- **Records**
= = = = =
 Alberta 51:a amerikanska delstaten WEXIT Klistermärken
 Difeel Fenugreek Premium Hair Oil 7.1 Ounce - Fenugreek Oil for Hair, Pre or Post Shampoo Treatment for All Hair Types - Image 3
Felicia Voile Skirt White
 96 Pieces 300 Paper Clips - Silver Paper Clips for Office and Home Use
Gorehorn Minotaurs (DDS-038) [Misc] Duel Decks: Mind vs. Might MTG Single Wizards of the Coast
= = = = =
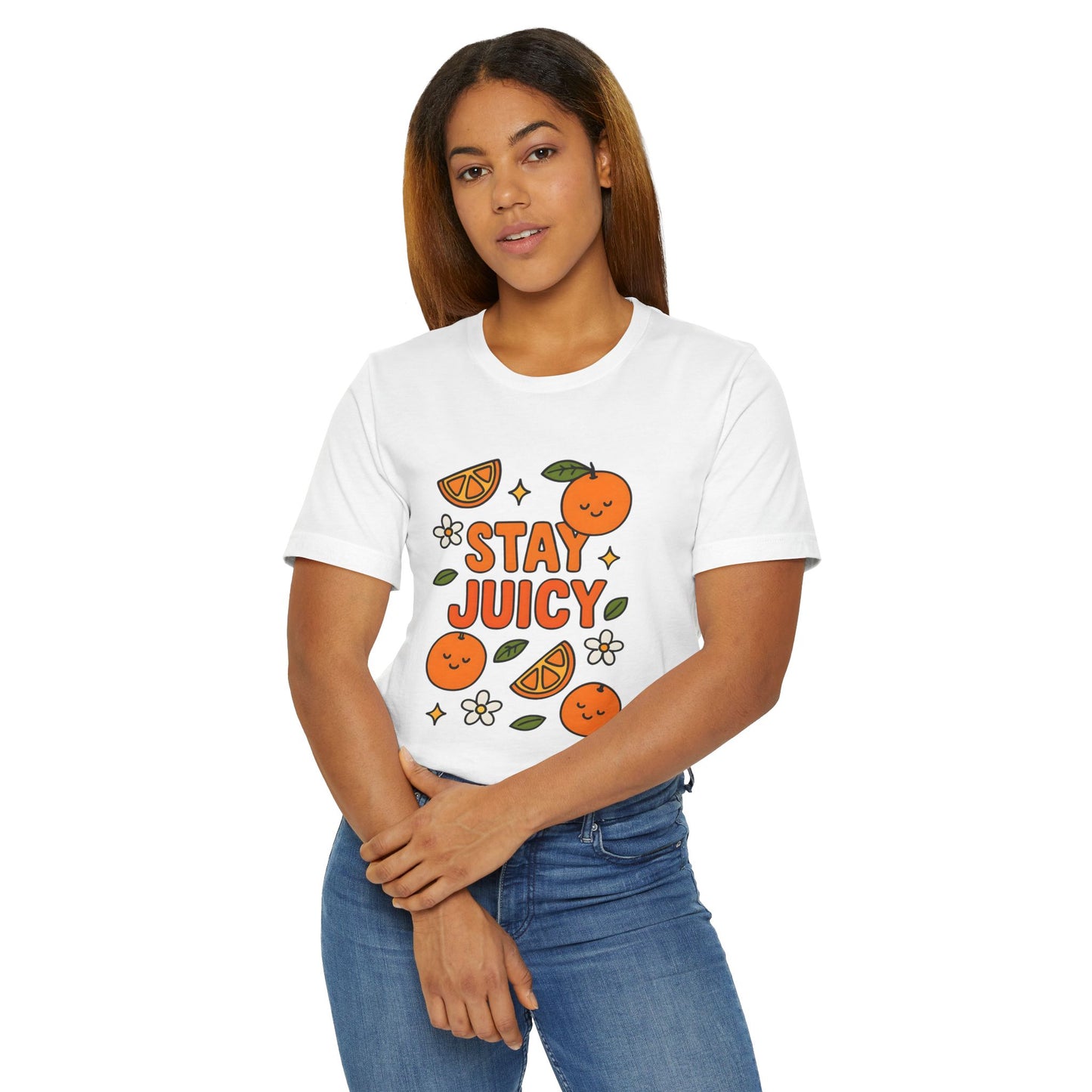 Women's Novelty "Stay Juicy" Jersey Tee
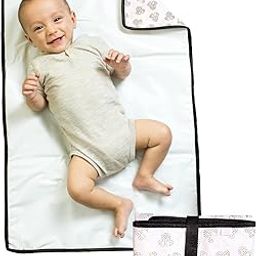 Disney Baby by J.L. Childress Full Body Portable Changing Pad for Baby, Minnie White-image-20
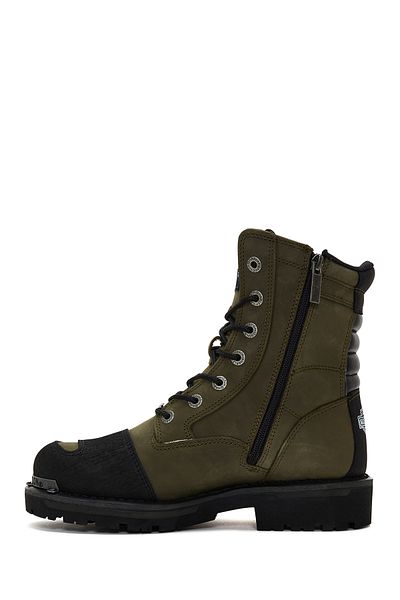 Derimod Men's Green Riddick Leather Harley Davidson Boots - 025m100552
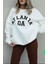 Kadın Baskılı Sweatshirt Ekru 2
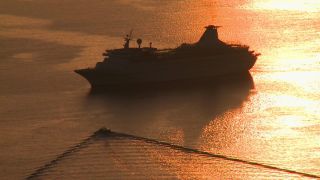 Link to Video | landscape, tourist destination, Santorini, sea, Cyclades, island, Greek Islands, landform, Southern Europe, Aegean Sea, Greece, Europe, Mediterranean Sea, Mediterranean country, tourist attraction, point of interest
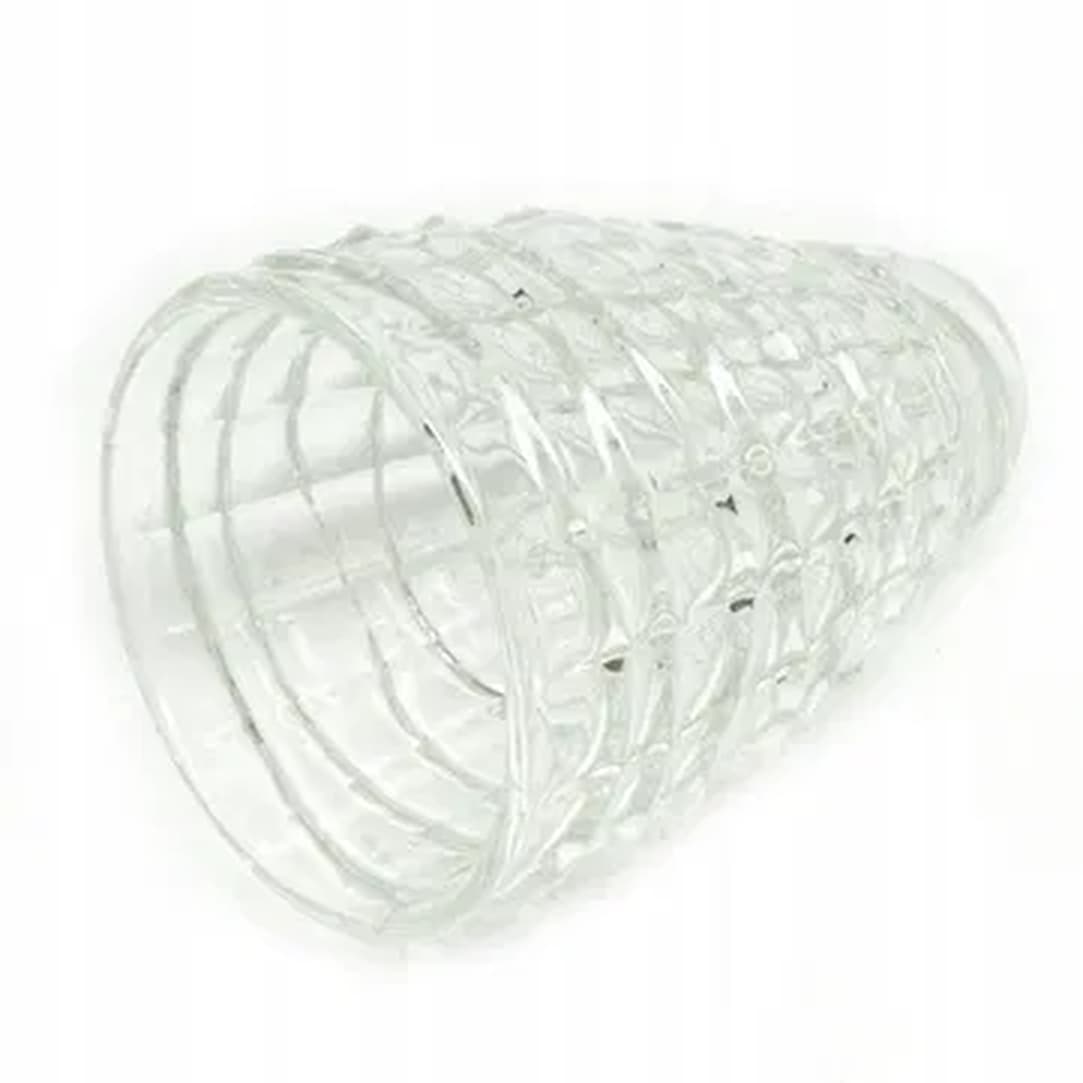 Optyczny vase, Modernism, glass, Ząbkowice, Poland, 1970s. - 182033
= = = = =
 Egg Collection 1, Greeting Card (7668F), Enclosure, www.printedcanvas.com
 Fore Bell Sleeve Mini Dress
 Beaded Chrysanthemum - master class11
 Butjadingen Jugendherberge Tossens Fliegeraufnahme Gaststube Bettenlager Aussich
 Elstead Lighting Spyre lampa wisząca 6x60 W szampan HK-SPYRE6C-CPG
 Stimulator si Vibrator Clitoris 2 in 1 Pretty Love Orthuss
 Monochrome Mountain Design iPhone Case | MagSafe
= = = = =
- **Task**
Of all the entries above, retype exactly the lines from the line with "Egg Collection 1, Greeting" to the line with "Monochrome Mountain Design", both included, and no others.

- **Response to the exercise**
 Egg Collection 1, Greeting Card (7668F), Enclosure, www.printedcanvas.com
 Fore Bell Sleeve Mini Dress
 Beaded Chrysanthemum - master class11
 Butjadingen Jugendherberge Tossens Fliegeraufnahme Gaststube Bettenlager Aussich
 Elstead Lighting Spyre lampa wisząca 6x60 W szampan HK-SPYRE6C-CPG
 Stimulator si Vibrator Clitoris 2 in 1 Pretty Love Orthuss
 Monochrome Mountain Design iPhone Case | MagSafe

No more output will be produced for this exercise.